Het grootste deel van elke dag luister ik naar muziek om de wereld buiten te houden, en dat werkt. Zo verstond ik niet wat het meisje vlak voor oudjaar tegen mij zei, laat staan of dat alles beter dan wel slechter maakte. Zo hoor ik lieve oma’s niet wanneer ze mij de weg willen vragen, of merkte ik gisterochtend niet dat de man met de muts naar míj stond te roepen, terwijl hij op de stoep naast zijn vrachtwagen met beide handen een twee meter hoog ijzeren rek vasthield.
Toen ik een paar seconden later wél iets hoorde, veel luider nu, draaide ik mij om en nam de linkerdop uit mijn oor.

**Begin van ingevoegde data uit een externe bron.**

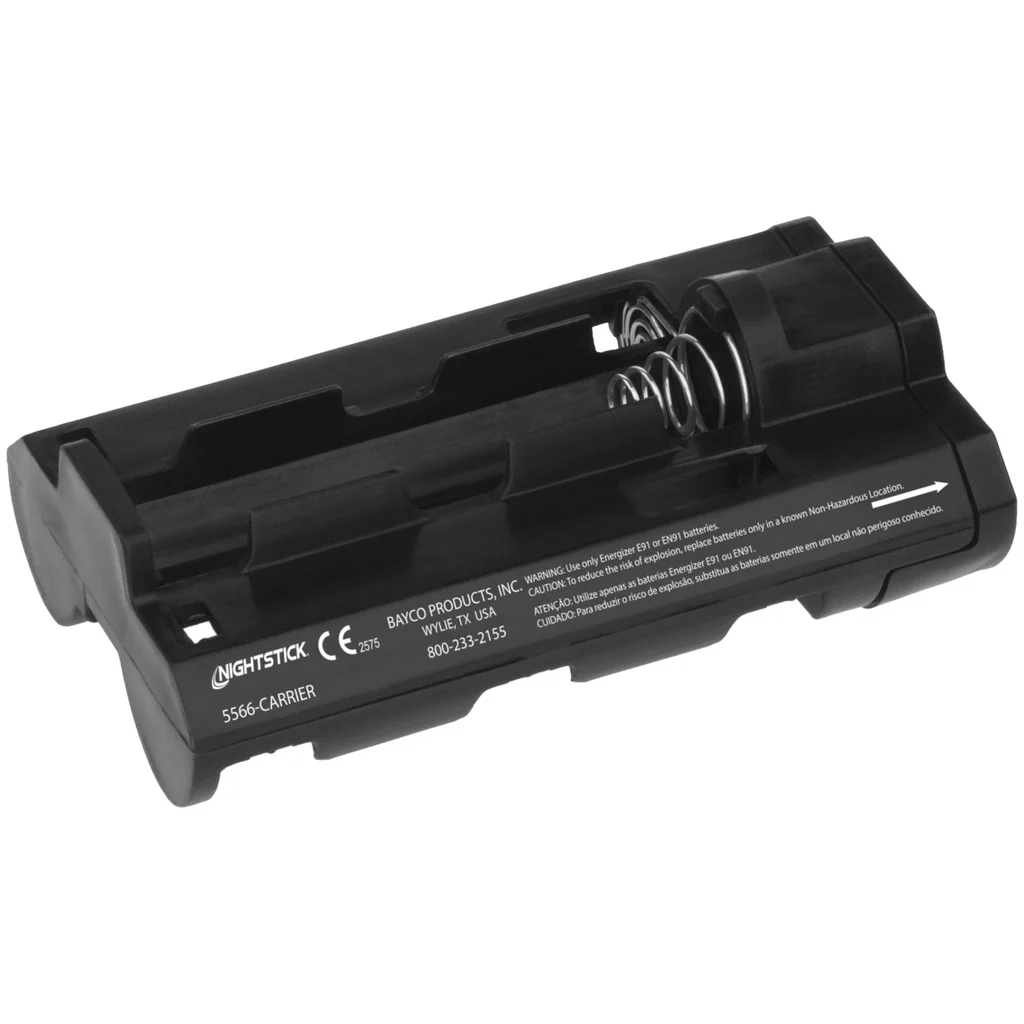 Portabatterie AA 5566 / 5568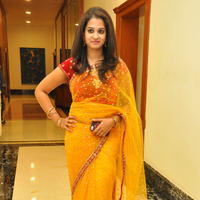 Nanditha at Ramleela Movie Audio Launch Stills | Picture 958837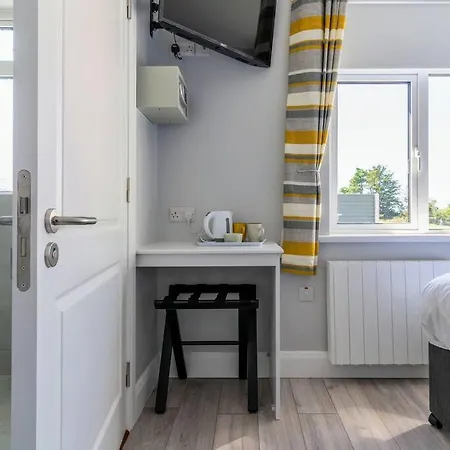 Burrow's Lodge, Tramore Golf Club Holiday home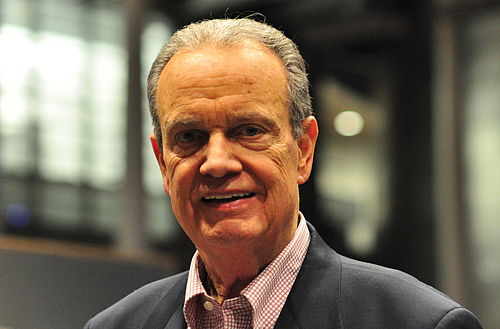 Randy Revelle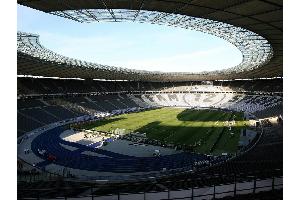 Turnfest lockt über 70.000 Sportler nach Berlin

De man herhaalde zijn vraag in het Frans: of ik hem kon helpen duwen. Bij het uitladen van het rek waren de wieltjes tussen de laadklep en de stoeprand geschoten, waardoor de last was gekanteld. In een reflex had de man zijn voet onder het rek geschoven voor extra steun, maar die voet zat nu vast en moest het volledige gewicht van de lading opvangen. Die bestond uit bakken met groenten, zo bleek, en vijfliterblikken soep, en witte kisten waaraan ik niet meteen kon zien wat erin zat.
‘Ik heb geen gevoel meer in mijn voet,’ zei de man, terwijl ik mijn schouder mee tegen het rek zette en duwde. Samen kregen we de zaak in beweging. Aan mijn kant brak het ijzer uit de wieltjes, waardoor het rek weer recht ging staan. De man rukte zichzelf vrij en sprong met een van pijn vertrokken gezicht achteruit.
Vanuit het gebouw achter ons kwam een tweede man aangelopen. Deze was gekleed in het uniform van een grootkeuken en droeg zijn haren in een netje. Toen hij mij zag staan, begon hij een verhaal over hoe hij niet kon komen helpen, want dat dan binnen alles onbeheerd zou achterblijven. Hij gesticuleerde hevig en praatte snel. Ik begreep hem maar half, maar knikte toch, waarop de kok zijn collega met de gehavende voet mee naar binnen nam. Ik bleef staan, met mijn schouder onder het rek.
‘Zo kan een dag soms lopen,’ dacht ik. ‘Er gebeurt iets en er gebeurt nog iets en voor je het weet sta je in het midden van de stoep een kapot rek vast te houden, alleen in de regen, terwijl je al veel te laat bent voor het werk.’ Ik voelde er niets speciaals bij, geen amusement of ergernis, niets anders dan de berusting en doffe onverschilligheid die ik nu al weken met mij meedraag.
Na een tijdje kwamen beide mannen terug naar buiten. Met z’n drieën kregen we het rek opnieuw op de laadklep. Op een of andere manier moest het nu nog naar binnen, maar van hieraf zochten ze het zelf maar uit. ‘Ca va maintenant?’, vroeg ik aan de man met de muts. Hij knikte. Ik gaf hem een hand en liep verder, maar niet voordat ik mijn muziek twee keer zo hard had gezet als voordien.